Re: Failure Modes and Ranges of Operation

From: Bob Badour <bbadour_at_pei.sympatico.ca>
Date: Sat, 03 Feb 2007 20:43:11 GMT
Message-ID: <zt6xh.2016$R71.29193_at_ursa-nb00s0.nbnet.nb.ca>


Marshall wrote:

> On Feb 3, 7:26 am, Bob Badour <bbad..._at_pei.sympatico.ca> wrote:
>

>>Neo's recent troll started me down a meandering path leading to these
>>two separate but somewhat related (engineering) concerns.
>>
>>An operating range describes the conditions under which one of our
>>devices will operate without failure. Failure modes are what happens
>>when one tries to operate a device beyond that range.
>>
>>The sci.logic sort of folks grapple with the problems one encounters
>>when one tries to have an infinite range of operation. And yet one can
>>never fully escape the failure mode problem because division by zero
>>generally fails.
>>
>>Failure mode analysis is very important in engineering. I wonder whether
>>it has any supporting theory? Certainly, one can think of general
>>principles. Likewise, beyond statistical analysis and empirical
>>measurement, does any theory exist regarding ranges of operation?
>>
>>Any thoughts?

>
>
> One sound theoretical aspect of the issue you're mentioning is the
> totality/partiality of functions. "Total functions" are functions
> whose
> "operating range" is 100% of their inputs. Partial functions are those
> for which there is some sort of issue or another with some sets
> of inputs. Current terminology doesn't distinguish between two
> important different kinds of failures: undefined results and results
> whose computational cost is infinite. This may sound ridiculous
> on the surface, but I believe if nothing else it is important to
> consider
> the two cases separately, because they behave differently in
> current hardware. Consider that these broken functions are
> broken in very different ways:
>
> f(x) = x/0
>
> f(x) = f(f(x))
>
> (I'll go out on a limb here and say that we may someday
> be able to do something with the second kind, the kind
> that require infinite resources to compute. Consider that
> wild speculation though.)
>
> In general, we find that "forward" computations, those
> that are built out of successive lower level computations,
> do not cause us problems. Given the ordered naturals,
> we can speak of the successor function; given successor,
> we can construct addition, which gives rise to multiplication,
> which gives rise to exponentiation, which given rise to
> tetration, ad infinitum. Each of these functions is total.

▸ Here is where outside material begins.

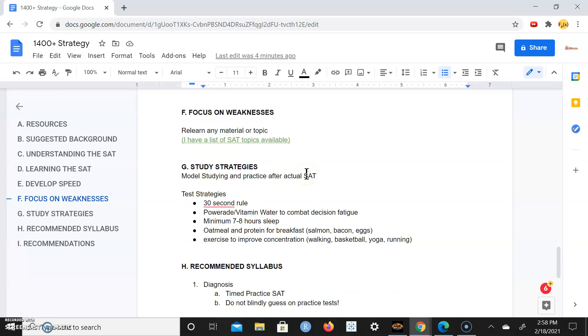After that practice test you want to relearn any material or topic. Anyone interested, just reach out to me. I have the list of topics on the math, reading, and grammar sections.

Successor is only total if one has an infinite set. For a finite computational model, successor fails at some point, and the question then becomes: How does it fail? Likewise for addition, multiplication, exponentiation, factorial etc.

> Each successive one has an inverse, and it seems the
> inverses are a significant source of problems.

It's not only the inverses that cause problems for those of us with finite resources.

> The predecessor function is defined on every natural number
> except 0. Oops! Subtraction is only defined on every pair of
> natural numbers where the minuend is >= the subtrahend.

For finite sets, the successor function is defined on every natural number except the largest one can represent. Addition is only defined on every pair of natural numbers where the sum is less than or equal to the largest representable natural.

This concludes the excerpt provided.